I began to feel resentful – I felt I had no support and that my children were suffering. My husband started focusing his attention elsewhere with a colleague who was 22 years younger than him. Fast forward seven years and she left me and my boys for her, Just before Covid hit. I had full time for my children, plus I was an essential worker – a postie – without any support. Since my ex-wife and her new partner were pregnant, they didn’t want any chance of exposure, so I gave my boys almost full time for a year.
Fast forward to now: He has a new family, but I’ve crashed and burned and lost everything. I’m living in a shelter now And meet your children once a week. I’m trying my best to find housing and get my boys back. I’m taking medication and therapy to manage my severe anxiety and recently returned to work (and am excited about it).
The problem is that my ex-wife and his (now) wife are not even remotely supportive. He has told our children (who are also struggling) on several occasions: “Your mother is irrelevant. Nothing she says or does matters”. My heart is broken because he was the love of my life. Please help if you can. It feels like everything in my life has gone wrong all at once. I can barely understand its meaning myself.
heart and life broken
Dear heart and life broken,
I think my heart broke a little after reading your letter. What a terrible, heart-breaking time you have had. How resilient you are to go through so many terrible moments – and yet you’re still dragging yourself back to work, in medicine And go to the doctor to get medicine. Please give yourself some credit for your strength and determination.
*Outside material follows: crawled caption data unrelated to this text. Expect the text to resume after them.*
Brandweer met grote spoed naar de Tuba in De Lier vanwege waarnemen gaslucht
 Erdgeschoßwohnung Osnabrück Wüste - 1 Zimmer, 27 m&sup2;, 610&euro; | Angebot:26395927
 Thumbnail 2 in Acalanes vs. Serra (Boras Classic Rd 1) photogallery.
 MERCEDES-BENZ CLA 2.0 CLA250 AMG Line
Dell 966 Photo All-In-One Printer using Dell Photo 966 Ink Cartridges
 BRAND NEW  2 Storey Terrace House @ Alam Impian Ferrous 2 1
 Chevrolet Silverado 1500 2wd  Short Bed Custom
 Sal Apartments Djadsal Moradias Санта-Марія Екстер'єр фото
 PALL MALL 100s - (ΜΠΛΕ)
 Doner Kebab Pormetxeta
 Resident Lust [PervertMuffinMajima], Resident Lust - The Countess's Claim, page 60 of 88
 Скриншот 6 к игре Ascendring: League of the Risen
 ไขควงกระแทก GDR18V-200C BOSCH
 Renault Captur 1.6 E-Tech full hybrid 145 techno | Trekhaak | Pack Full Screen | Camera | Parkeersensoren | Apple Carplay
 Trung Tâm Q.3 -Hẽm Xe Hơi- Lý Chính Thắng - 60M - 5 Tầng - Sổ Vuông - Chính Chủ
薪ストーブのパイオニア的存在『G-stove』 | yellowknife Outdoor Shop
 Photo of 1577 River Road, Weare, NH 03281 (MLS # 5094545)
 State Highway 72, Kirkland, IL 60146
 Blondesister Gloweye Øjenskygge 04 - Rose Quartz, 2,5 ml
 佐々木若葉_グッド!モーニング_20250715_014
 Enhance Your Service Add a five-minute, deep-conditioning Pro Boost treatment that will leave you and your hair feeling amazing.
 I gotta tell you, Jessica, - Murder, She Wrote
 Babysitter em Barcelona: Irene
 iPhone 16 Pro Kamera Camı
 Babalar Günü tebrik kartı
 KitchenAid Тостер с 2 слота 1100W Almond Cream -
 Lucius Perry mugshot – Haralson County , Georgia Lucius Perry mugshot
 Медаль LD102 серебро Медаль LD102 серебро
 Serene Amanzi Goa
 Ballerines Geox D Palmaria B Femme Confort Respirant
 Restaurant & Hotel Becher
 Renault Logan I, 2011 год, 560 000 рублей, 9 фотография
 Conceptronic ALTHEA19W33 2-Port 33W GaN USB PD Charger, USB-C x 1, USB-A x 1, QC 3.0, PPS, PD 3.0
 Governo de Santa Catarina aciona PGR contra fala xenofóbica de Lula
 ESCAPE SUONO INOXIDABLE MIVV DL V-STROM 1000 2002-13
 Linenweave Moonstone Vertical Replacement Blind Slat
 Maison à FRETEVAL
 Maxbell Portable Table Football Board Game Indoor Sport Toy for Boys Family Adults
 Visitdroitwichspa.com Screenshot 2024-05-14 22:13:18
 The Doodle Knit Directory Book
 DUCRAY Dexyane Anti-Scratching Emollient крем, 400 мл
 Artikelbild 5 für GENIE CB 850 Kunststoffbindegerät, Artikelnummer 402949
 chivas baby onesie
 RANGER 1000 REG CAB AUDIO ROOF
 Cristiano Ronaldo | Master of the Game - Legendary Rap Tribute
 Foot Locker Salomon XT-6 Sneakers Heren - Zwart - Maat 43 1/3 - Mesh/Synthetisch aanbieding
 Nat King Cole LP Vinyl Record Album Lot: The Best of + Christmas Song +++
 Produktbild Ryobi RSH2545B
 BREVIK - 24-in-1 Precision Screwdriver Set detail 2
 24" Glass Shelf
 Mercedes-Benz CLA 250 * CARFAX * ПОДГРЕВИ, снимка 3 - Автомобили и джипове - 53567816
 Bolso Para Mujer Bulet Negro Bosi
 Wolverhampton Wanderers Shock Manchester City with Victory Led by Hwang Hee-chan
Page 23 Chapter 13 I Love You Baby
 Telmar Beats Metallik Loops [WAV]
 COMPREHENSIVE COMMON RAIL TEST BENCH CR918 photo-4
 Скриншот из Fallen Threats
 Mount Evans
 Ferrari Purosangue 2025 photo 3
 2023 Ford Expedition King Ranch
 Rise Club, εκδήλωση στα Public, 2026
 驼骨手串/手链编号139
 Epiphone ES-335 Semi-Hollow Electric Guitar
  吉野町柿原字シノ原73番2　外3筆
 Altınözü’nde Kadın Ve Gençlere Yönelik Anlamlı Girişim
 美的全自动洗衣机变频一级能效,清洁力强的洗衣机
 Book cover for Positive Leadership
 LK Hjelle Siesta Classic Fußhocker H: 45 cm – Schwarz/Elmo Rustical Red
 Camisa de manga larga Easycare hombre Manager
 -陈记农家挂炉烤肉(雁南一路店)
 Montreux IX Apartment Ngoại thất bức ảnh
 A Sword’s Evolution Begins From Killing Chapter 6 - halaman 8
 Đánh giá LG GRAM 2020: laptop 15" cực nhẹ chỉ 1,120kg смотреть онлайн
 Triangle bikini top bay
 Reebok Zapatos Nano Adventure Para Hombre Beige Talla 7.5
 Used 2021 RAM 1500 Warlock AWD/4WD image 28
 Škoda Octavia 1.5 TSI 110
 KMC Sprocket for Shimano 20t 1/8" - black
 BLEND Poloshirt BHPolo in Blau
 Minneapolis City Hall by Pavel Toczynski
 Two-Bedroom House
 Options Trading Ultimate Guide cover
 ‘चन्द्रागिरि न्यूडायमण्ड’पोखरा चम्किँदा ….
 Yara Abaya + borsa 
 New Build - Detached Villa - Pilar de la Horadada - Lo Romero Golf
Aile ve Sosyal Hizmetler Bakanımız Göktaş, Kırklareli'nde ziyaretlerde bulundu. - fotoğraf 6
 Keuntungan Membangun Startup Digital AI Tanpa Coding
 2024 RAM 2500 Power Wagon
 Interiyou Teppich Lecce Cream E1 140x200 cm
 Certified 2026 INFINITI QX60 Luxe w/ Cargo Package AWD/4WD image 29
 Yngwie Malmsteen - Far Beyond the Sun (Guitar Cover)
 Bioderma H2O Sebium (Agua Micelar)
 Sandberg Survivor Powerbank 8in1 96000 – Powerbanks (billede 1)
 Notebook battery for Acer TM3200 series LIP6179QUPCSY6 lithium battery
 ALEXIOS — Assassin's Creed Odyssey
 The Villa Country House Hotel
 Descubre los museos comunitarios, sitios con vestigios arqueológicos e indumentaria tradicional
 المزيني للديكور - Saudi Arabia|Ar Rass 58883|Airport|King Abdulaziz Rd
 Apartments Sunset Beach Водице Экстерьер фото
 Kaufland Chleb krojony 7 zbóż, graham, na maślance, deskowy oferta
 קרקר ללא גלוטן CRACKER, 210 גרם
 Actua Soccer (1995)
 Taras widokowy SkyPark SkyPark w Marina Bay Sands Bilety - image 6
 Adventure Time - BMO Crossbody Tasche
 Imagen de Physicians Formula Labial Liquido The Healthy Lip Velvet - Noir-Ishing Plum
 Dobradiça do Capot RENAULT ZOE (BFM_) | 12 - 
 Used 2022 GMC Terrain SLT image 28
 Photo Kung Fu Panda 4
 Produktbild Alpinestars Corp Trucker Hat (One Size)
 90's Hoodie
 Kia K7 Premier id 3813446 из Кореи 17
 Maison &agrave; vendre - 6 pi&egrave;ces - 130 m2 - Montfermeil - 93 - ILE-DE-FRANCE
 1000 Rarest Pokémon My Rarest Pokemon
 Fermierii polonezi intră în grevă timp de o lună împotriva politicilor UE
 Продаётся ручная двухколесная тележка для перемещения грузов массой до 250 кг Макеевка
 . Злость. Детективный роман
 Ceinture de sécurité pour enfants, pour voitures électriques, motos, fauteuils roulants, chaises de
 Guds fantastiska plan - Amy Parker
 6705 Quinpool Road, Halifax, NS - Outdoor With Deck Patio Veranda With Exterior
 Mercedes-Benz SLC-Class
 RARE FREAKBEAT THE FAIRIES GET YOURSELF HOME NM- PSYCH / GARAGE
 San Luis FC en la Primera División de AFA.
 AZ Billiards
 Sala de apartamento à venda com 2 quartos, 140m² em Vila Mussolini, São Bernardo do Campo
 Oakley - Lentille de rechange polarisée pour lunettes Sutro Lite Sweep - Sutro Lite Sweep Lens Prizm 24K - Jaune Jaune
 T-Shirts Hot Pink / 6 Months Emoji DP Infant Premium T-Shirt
I can even see that determination in the way you talk about getting your boys back.
I had to shorten your letter a bit, but rest assured, my main point when I was reading was this: The man you loved disappointed you badly. You were not only dealing with the grief of premature birth (Princess Beatrice recently spoke How new parents of “haters” feel, saying she felt “incredibly lonely”), but then you had to deal with your partner’s lack of interest (his words were cruel when you were trying to initiate intimacy).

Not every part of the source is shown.